#### DIRECTIONS FOR THIS TASK:
In the listing beneath this line, copy exactly the lines starting with the one containing "As you can see here" and going on through the one containing "By clicking on".

PROVIDED ENTRIES section start

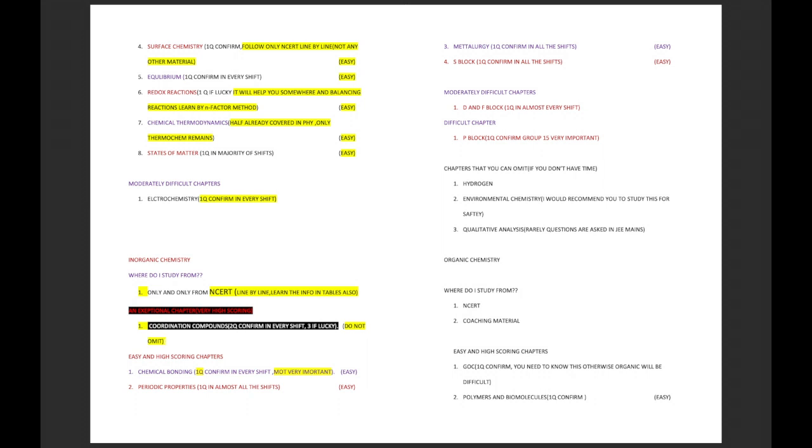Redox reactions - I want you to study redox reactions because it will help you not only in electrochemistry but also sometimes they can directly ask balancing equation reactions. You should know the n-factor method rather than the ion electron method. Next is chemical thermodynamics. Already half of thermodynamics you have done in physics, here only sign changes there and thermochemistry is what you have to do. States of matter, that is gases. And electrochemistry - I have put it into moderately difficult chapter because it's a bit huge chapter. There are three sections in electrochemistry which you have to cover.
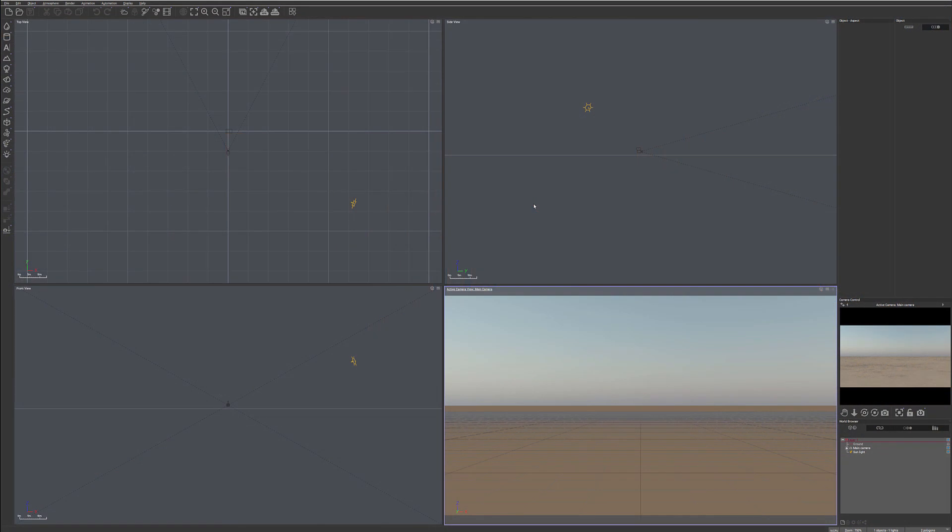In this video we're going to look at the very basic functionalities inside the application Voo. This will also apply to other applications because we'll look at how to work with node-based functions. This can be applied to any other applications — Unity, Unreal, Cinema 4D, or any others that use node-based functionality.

PROVIDED ENTRIES section end
PROVIDED ENTRIES section start

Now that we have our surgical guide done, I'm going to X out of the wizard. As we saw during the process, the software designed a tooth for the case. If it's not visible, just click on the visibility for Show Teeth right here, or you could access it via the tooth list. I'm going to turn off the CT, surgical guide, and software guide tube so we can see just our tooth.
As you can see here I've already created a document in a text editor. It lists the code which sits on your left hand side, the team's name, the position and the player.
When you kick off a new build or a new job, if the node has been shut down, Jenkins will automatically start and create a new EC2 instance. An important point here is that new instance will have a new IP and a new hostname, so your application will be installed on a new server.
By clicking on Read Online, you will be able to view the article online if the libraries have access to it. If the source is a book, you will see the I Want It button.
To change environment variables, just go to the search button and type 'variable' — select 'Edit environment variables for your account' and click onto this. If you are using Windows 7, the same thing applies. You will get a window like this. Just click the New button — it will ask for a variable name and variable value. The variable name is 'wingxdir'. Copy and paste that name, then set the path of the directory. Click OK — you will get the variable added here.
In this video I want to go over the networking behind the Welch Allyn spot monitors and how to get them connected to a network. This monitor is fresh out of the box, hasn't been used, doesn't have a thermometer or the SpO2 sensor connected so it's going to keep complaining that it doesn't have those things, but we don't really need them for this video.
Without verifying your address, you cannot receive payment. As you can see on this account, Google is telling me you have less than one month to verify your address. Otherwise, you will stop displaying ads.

PROVIDED ENTRIES section end

#### PROBLEM SOLUTION:
As you can see here I've already created a document in a text editor. It lists the code which sits on your left hand side, the team's name, the position and the player.
When you kick off a new build or a new job, if the node has been shut down, Jenkins will automatically start and create a new EC2 instance. An important point here is that new instance will have a new IP and a new hostname, so your application will be installed on a new server.
By clicking on Read Online, you will be able to view the article online if the libraries have access to it. If the source is a book, you will see the I Want It button.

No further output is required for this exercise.